Eu esperei muito tempo para ler esse livro. Passaram-se quatro anos desde o lançamento até o dia em que eu finalmente comecei a ler essa obra. Mas, não demorei todo esse tempo por uma questão de resistência, orgulho ou prepotência minha. A verdade é que, logo quando foi lançado, o livro foi para o topo da lista dos best-sellers – inclusive no Brasil.

Vários amigos meus leram esse livro logo no seu lançamento e eu lembro que todos falavam muito bem dessa obra. Mas, também me alertavam quanto ao seguinte: o livro fala muito sobre religiões, capitalismo, revoluções industriais e outros assuntos. Eles avisavam que seria bom ter algum conhecimento sobre esses temas para aproveitar melhor o livro.

Eu acabei lendo sobre todos esses temas. Não com o objetivo de me preparar para ler “Sapiens”, mas sim porque são temas recorrentes nas minhas leituras e é sobre esses temas que eu também gosto de escrever. Só que quando eu comecei a ler “Sapiens”, observei que a dica dos meus amigos fazia sentido, pois o conhecimento dos temas que eu citei no parágrafo anterior me ajudou a aproveitar melhor o livro.
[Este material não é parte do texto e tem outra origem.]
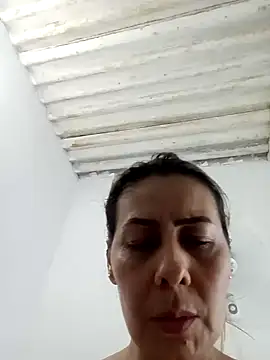 Mia-funny20 online show from 25, 12, 2024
O motivo é simples. O autor fala sobre a trajetória da humanidade numa linha do tempo gigantesca, que começa há cerca de 100 mil anos. Ele fala que as Revoluções Industriais que tanto citamos nos dias de hoje (leia-se, principalmente, a Indústria 4.0) são oriundas de processos muito antigos, verdadeiras revoluções que ocorreram muito antes das revoluções industriais. Ele cita três movimentos principais:

  • Revolução cognitiva: mutações genéticas que ocorreram ao longo de milhares de anos permitiram o surgimento de novas formas de pensar e de se comunicar, que fizeram com que o ser humano começasse a consumir, processar e a armazenar uma quantidade altíssima de informações. Isso ocorreu por volta de 70 mil anos a.C.;
  • Revolução agrícola: é a passagem do ser humano nômade (caçador e coletor) para um ser humano fixo a um lugar. Essa mudança levou à domesticação de animais e ao aumento da produção de alimentos. Só que esse aumento da produção teve efeitos colaterais importantes, que observamos até hoje: explosões populacionais e o surgimento de elites favorecidas;
  • Revolução científica: na realidade, o autor afirma que essa era deveria se chamar de “Revolução da Ignorância”, porque é a falta de conhecimento que move a humanidade até hoje. Foi a vontade de buscar respostas científicas para as questões eternas da humanidade que fez com que o ser humano desenvolvesse tecnologias e métodos que nos permitem encontrar várias respostas e, também, várias outras perguntas.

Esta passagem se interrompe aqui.